Where are most points in a uniformly distributed high-dimensional ball? Should they be close to the middle (origin) or close its surface?
 A: As pointed out by @Xi'an, the OP's question is actually about a uniform distribution on the $n$-dimensional ball of radius $r$, the set of points at distance no more than $r$ from the center of the ball, and not about a uniform distribution on the $n$-dimensional hypersphere which is the surface of the ball (the set of points at distance exactly $r$ from the center). Note that it is being assumed that the joint density of the $n$ random variables has constant value $V^{-1}$ where $V$ is the volume of the ball. This is not the same as assuming that the distance of the random point is uniformly distributed on $[0,r]$ (or $[0,r)$ for those who do not want to include the surface of the hypersphere).

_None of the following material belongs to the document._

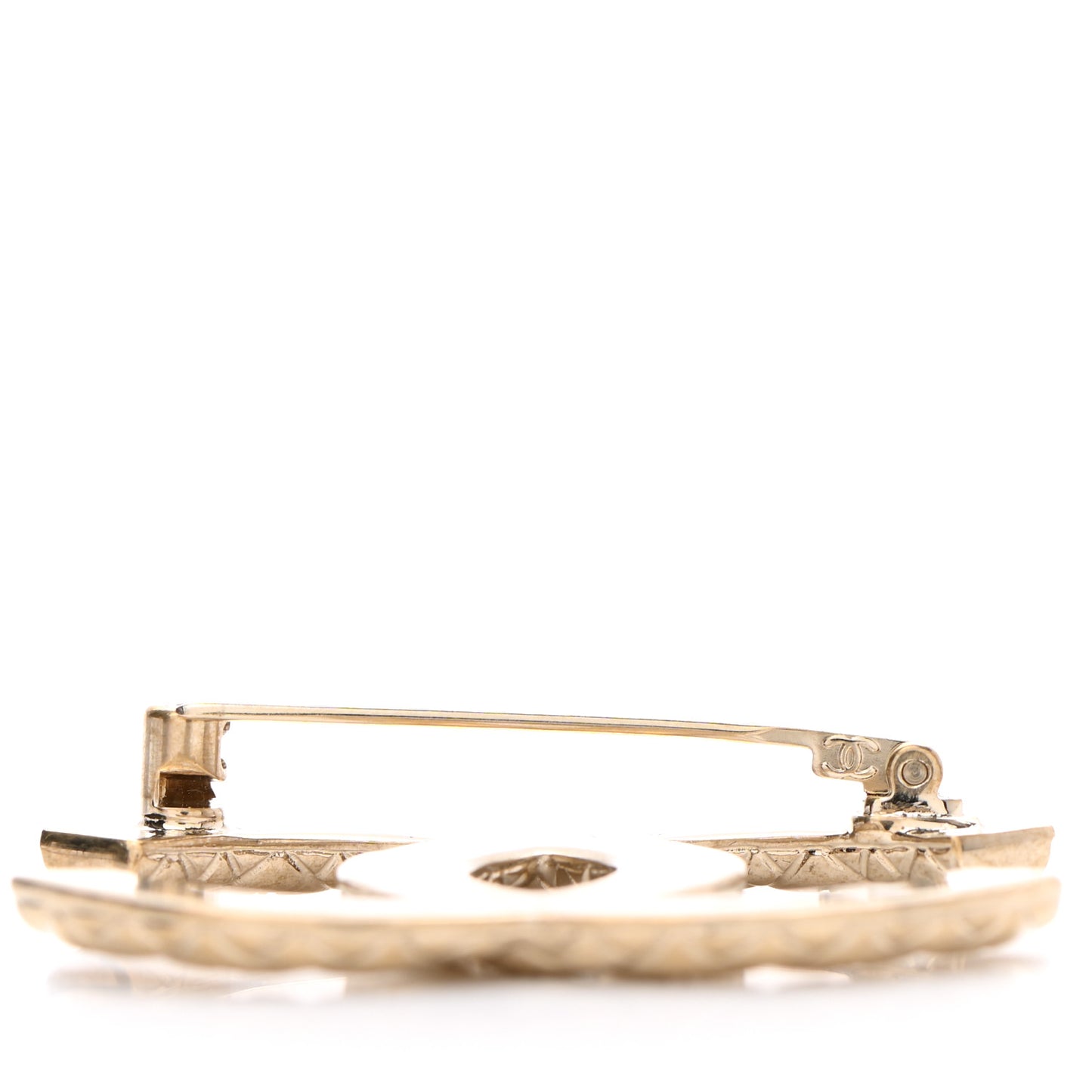 Metal CC Diamond Quilted Brooch Light Gold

Almost the entire volume of a $n$-dimensional ball lies close to the surface. This is because $V$ is proportional to the $n$-th power of the radius of the ball, and $r^n$ is a very rapidly increasing function.  Even in $3$-space, $\frac 78 = 1 - \left(\frac 12\right)^3$th of the volume lies closer to the surface than to the origin, and this fraction gets closer and closer to $1$ as $n$ increases.  Turning the calculation  around, for a fixed proportion $\alpha$, say $\alpha=0.95$, $100\alpha\%$ of the volume lies in a shell of inner radius $\sqrt[n]{\alpha}r$ and outer radius $r$ and so $1-\sqrt[n]{\alpha}$, the relative thickness of the shell, decreases towards $0$ with increasing $n$ for any choice of $\alpha \in (0,1)$.